Très tôt, en effet, il s’est intéressé aux caractéristiques environnementales présidant au développement de la personnalité ou, autrement dit, à ce qui, dans les relations familiales, forge la perception que l’enfant a de lui-même, d’autrui et du monde qui l’entoure, perception qu’il a tendance à conserver une fois adulte. Dans les établissements spécialisés où Bowlby enseignait, avant de reprendre ses études et de devenir pédopsychiatre et psychanalyste, il avait, à plusieurs reprises, été intrigué par l’attitude de certains petits pensionnaires, en apparence totalement imperméables aux louanges comme aux critiques et aux punitions, et qui semblaient indifférents à l’établissement de liens, avec leurs pairs comme avec les adultes. Les autres éducateurs, ainsi que certains chercheurs dont il avait croisé la route lors de ses études en psychologie, étaient tout à fait persuadés qu’une telle attitude, associée à des troubles de la personnalité, voire à la délinquance, apparaissait chez l’enfant en conséquence de mauvais traitements psychiques. Il pouvait s’agir des suites d’un abandon physique, par décès de la figure maternante par exemple et/ou d’abandon psychique pur, par rejet de l’enfant et ce que l’on appelle aujourd’hui les négligences ou les abus affectifs.
Une fois ses diplômes en poche et une fois établi en tant que psychiatre et psychanalyste d’adultes comme d’enfants, Bowlby s’est attelé à comprendre l’origine des névroses, des psychoses et des troubles de la personnalité.
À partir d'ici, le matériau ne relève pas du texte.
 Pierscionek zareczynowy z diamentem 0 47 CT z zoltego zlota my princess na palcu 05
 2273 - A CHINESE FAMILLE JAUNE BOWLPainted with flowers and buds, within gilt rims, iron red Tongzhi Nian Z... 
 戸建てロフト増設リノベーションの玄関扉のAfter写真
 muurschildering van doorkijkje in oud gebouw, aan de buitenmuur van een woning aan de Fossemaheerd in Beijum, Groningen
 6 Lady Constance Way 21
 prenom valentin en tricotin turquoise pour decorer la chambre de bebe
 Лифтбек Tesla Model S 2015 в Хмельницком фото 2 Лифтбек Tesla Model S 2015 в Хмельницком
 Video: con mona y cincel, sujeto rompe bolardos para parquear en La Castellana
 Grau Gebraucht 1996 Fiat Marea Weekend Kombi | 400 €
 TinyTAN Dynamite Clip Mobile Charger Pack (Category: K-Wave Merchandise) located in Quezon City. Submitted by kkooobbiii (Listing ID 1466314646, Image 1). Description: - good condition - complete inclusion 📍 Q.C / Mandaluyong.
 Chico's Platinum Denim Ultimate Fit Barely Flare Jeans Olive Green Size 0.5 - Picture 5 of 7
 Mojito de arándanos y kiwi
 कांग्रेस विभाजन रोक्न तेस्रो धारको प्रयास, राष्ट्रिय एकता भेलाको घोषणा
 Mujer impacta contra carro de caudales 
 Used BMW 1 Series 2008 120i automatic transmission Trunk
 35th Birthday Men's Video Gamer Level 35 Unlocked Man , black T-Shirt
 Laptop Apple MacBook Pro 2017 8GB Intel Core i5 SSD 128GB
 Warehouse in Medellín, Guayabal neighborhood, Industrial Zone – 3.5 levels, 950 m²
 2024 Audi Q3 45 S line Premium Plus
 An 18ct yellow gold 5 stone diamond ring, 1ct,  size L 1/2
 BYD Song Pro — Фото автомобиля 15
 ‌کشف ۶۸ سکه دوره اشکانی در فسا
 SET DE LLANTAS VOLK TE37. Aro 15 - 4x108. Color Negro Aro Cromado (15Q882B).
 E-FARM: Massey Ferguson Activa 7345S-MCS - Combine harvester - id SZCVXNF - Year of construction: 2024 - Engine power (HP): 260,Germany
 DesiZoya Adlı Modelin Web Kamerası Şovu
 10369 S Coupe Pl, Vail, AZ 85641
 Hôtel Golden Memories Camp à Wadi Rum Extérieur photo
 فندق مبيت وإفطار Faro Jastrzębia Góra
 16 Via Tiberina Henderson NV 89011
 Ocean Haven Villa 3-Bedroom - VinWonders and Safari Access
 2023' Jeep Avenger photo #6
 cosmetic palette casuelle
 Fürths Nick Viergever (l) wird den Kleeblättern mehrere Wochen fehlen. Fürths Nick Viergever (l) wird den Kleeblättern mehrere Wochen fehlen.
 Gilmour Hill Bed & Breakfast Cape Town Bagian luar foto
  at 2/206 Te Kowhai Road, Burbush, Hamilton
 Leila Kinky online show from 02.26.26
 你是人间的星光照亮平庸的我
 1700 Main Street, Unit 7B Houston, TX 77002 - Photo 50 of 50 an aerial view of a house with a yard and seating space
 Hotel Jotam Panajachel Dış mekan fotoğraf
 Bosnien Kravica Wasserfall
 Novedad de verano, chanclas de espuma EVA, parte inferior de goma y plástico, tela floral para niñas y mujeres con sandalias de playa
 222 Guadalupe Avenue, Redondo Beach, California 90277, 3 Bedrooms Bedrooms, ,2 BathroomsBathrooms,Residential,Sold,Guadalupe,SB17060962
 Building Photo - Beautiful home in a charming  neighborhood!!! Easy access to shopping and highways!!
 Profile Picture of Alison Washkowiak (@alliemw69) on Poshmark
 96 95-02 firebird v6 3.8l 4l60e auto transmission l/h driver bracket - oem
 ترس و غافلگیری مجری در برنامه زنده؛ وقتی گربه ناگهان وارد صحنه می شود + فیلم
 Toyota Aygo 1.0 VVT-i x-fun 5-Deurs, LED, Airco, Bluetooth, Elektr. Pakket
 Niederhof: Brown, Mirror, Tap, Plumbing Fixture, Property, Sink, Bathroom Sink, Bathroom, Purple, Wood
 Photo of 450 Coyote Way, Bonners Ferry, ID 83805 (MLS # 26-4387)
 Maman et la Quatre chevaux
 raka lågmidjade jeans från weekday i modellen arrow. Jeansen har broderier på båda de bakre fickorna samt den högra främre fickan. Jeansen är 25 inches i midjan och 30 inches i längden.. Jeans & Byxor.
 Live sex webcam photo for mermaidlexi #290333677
Convaincu de l’origine familiale de ces perturbations, il a mis en place les premières thérapies conjointes mère-enfant, ainsi que des thérapies familiales où il rassemblait parents, fratrie, voire grands-parents lorsque c’était possible, afin de tenter de faire évoluer un système relationnel nocif pour les participants, sans se limiter au « malade » désigné.